Eli and Edythe L. Broad Institute of Massachusetts Institute of Technology and Harvard University, Cambridge, MA 02142, USA; The University of Texas Southwestern Medical School, Dallas, TX 75390, USA.
Department of Genetics, Lineberger Comprehensive Cancer Center, the University of North Carolin at Chapel Hill, Chapel Hill, NC 27599, USA.
Cell Syst. 2019 Jul 24;9(1):24-34.e10. doi: 10.1016/j.cels.2019.06.006.
We present a systematic analysis of the effects of synchronizing a large-scale, deeply characterized, multi-omic dataset to the current human reference genome, using updated software, pipelines, and annotations. For each of 5 molecular data platforms in The Cancer Genome Atlas (TCGA)-mRNA and miRNA expression, single nucleotide variants, DNA methylation and copy number alterations-comprehensive sample, gene, and probe-level studies were performed, towards quantifying the degree of similarity between the 'legacy' GRCh37 (hg19) TCGA data and its GRCh38 (hg38) version as 'harmonized' by the Genomic Data Commons.
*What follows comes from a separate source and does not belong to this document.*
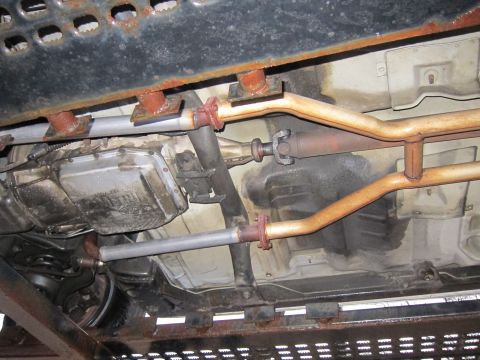 1991 Ford LTD Crown Victoria - Underside of a vehicle, focusing on the drivetrain and exhaust system components.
We offer gene lists to elucidate differences that remained after controlling for confounders, and strategies to mitigate their impact on biological interpretation. Our results demonstrate that the hg19 and hg38 TCGA datasets are very highly concordant, promote informed use of either legacy or harmonized omics data, and provide a rubric that encourages similar comparisons as new data emerge and reference data evolve.
我们展示了一种系统的分析方法,该方法将大规模、深度特征化的多组学数据集同步到当前人类参考基因组,使用了更新的软件、管道和注释。对于癌症基因组图谱 (TCGA) 中的 5 种分子数据平台中的每一种 - mRNA 和 miRNA 表达、单核苷酸变体、DNA 甲基化和拷贝数改变 - 都进行了全面的样本、基因和探针水平研究,以量化“传统”GRCh37(hg19)TCGA 数据与其通过基因组数据共享资源“协调”的 GRCh38(hg38)版本之间的相似程度。我们提供了基因列表,以阐明在控制混杂因素后仍然存在的差异,并提供了减轻这些差异对生物学解释影响的策略。我们的结果表明,hg19 和 hg38 TCGA 数据集非常一致,促进了对传统或协调的组学数据的明智使用,并提供了一个准则,鼓励在新数据出现和参考数据演变时进行类似的比较。